Me: What is on your mind?
Prodigal: Just the ways that God works.
Me: There are many ways that God works.
This is from the book The God Who Hung on the Cross by Dois Rosser Jr. and Ellen Vaughn
One night a young Indian man came to me. “I know you’ve been building churches,” he said. “Would you come look at a church that our congregation is helping?”
I wanted to see the church, but I was exhausted. We had been going to bed at midnight, getting up at five each morning; the days were full of ministry and the nights as well. My spirit wanted to see his church; my flesh just wanted to go to bed.
The next day, the same man was back. “Won’t you come see my church?’ he asked.
I put him off again. But the next day there he was again, and finally, just like the persistent widow who came after the unrighteous judge in Christ’s parable, he wore me down.
“How far is it?” I asked.
“Oh, just a short drive, maybe an hour and a half from here,” he said confidently.
Well, an hour and a half of Indian time can be rather different from American time.
About four hours after we started out in our beat-up jeep, bouncing and jolting over the dusty roads, we pulled into a clearing near a mountain. We parked the jeep. In the distance, up a jagged hill, I could see a clearing with the roughed-in structure of a church building.
Three large stones marked the entrance to the path up the incline. They were about ten feet high and almost as wide-irregular, heavy gray boulders. Painted on each one was a white washed sign of the cross.
In the distance I could see people slowly making their way toward us. Acrid smoke rose from a buffalo-dung fire; in the haze I could see few ghostly figures tending the blaze.
My Indian friend had neglected to tell me something. As we climbed the hill, I realized that I was looking at a leper colony.
It was like a scene from the New Testament. My heart twisted as I saw men and women with ragged strips of cloth wrapped around the stumps where their fingers had been. Many wore cloths over their disfigured faces. They shuffled forward to greet as their toe less feet stirring up small clouds of dust.
As we greeted them, I realized not all were lepers. Many of the children were healthy, and so were some of the spouses. But they had been ostracized as well.
As the people shyly welcomes us, our Indian friend translated: “They want you to see their church,” he said.
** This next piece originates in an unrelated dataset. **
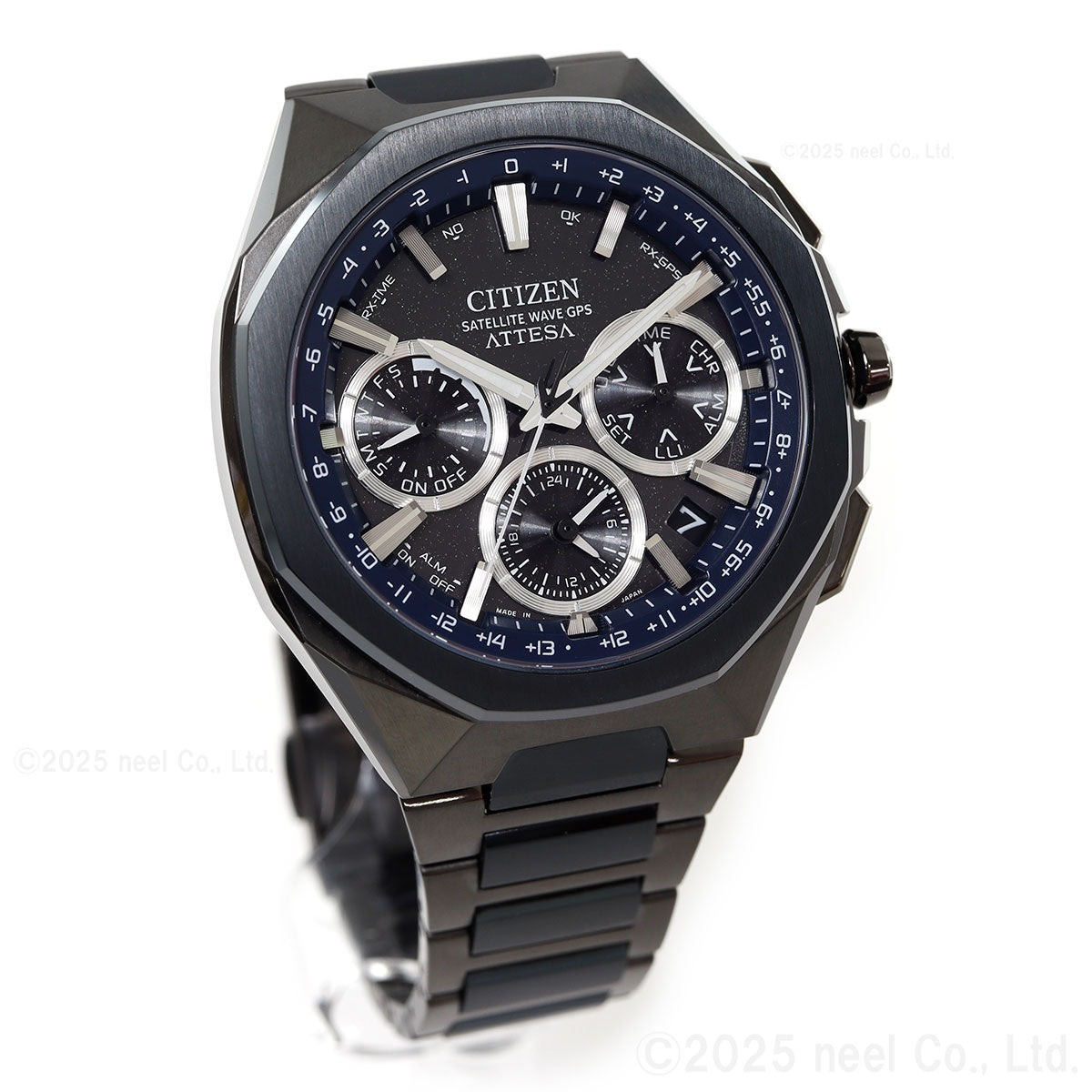 シチズン アテッサ CITIZEN ATTESA エコドライブ GPS衛星電波時計 限定モデル 腕時計 ACT Line CC4106-74E Blue Universe Collection 第2弾【2025 新作】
We walked further into the little camp. As we drew closer to the church, I was thunderstruck. Still in the early stages of construction, the church was already four levels of heavy stone. The people were working together; those who were able had hacked big granite slabs out of the mountain, and the others had carried them down to build that church. I can still see them in my mind’s eye; gaunt men and women edging down the mountain path on their crippled feet, cradling heavy granite boulders balanced on their finger less hands. Then they would lay their burden on the wall, and a skilled worker would lay it in and mortar the joints. They had been working for over a year and had no funds to continue to the next stage.
Later, as we prepared to leave, the pastor of the leper colony asked if they could pray for us–and if we could pray for them. We gathered in a circle. I closed my eyes–but then, as the pastor began to pray, I heard a rustling. I looked. There, lying on the ground, their saris and shawls spread out like ragged flags, were all the members of that leper community, prostrate before the living God. As I watched them, I realized that they were no longer this world’s untouchable rejects, pathetic people to be pitied. They were glad subjects of the King of Heaven.
The faith of those lepers in India was absolutely humbling. There we were, rich Americans with every resource at our fingertips-bowled over by the sight of men and women building a church with nothing at their fingertips. Not even fingers.
But that sight of weak and partial people physically moving a mountain of stone should be no surprise. It’s the same paradox by which God has chosen to work since the beginning. He uses the weak and powerless things of the world to show His mighty power. He is the One who builds His church, stone by living stone.
Romans 10:20
Then Isaiah is so bold as to say, “I have been found by those who did not seek me; I have shown myself to those who did not ask for me.